Tens of thousands of people were killed in the war, which ended with the 2018 peace agreement, bringing Kiir and Machar together in a government of national unity. Under the agreement, elections were supposed to be held in February 2023, but last August they were postponed until December 2024.
Kiir said he wanted to avoid creating conditions for more bloodshed. He issued a statement outlining the government’s achievements and stressing that it would be “business as usual” before the elections.
Also read: 675 Bangladeshis reach Port Sudan to leave crisis-hit Sudan: Shahriar Alam
The U.N. experts said the message was aimed at allaying two concerns — that the extension would be used to undermine the fragile power-sharing structures and would mean further delays, “not the progress that peace once promised.”
On the plus side, the panel said in the 37-page report that the unity government has survived, a series of laws have started to pave the way for the drafting of a new constitution, and a first batch of approximately 55,000 unified troops has graduated, even though most haven’t been deployed.

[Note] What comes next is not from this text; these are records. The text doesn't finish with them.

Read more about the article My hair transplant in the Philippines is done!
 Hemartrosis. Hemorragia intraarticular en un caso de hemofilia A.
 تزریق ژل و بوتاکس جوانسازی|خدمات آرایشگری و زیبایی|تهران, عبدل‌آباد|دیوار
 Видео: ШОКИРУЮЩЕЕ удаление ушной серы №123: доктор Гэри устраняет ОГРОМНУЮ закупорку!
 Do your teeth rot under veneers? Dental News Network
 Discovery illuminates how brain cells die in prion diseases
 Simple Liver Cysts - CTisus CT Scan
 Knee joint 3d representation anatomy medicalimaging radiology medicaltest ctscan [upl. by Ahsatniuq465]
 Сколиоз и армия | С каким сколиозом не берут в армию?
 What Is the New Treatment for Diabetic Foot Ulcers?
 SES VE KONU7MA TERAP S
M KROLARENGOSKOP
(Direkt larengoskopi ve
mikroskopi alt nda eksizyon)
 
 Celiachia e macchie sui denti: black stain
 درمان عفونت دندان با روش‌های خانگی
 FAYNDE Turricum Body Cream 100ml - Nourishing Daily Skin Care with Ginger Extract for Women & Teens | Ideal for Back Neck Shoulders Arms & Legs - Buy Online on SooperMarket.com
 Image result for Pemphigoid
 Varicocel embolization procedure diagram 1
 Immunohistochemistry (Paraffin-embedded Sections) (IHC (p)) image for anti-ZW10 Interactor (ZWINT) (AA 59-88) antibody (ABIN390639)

On the negative side, the experts said, most troops that graduated remain around their training centers, “though poor conditions have led to hundreds of deaths and thousands of desertions.” Many graduates don’t receive regular salaries, and most work in local communities to make money, the experts said.
Those that have been deployed appear to have joined pre-existing military units rather than becoming part of a new national force, they said. While the parties agreed last year to unify the top command structure, they have not been able to reach a similar agreement for the lower ranks.
South Sudan is also facing its highest level of displacement since the peace agreement, and more than two-thirds of the population needs humanitarian assistance, the panel said.
The experts said most South Sudanese have not seen “tangible progress” since the 2018 agreement was signed.
The deteriorating humanitarian situation is partly the result of violence and serious clashes in most parts of the country between well-armed rival forces, leading to deaths, people fleeing their homes, serious human rights violations, including sexual attacks, and difficulties delivering aid, the panel said.
Much of the violence results from efforts to weaken opponents, but increasingly “from growing dissatisfaction with the political process in Juba," the capital.
Oil accounts for more than 90% of the government’s revenue and almost all its exports, and as a result of the high oil price the government is likely to exceed its budget target of $1.6 billion in gross oil revenues for the current fiscal year, the experts said, but the money has largely failed to reach institutions that could help stabilize the country.
“The misappropriation and diversion of public resources not only continues to fuel political competition but also deprives the treasury of the resources needed to address the ongoing humanitarian crisis, fund the implementation of the peace agreement, and stabilize the country through regular salary payments and development,” the panel said.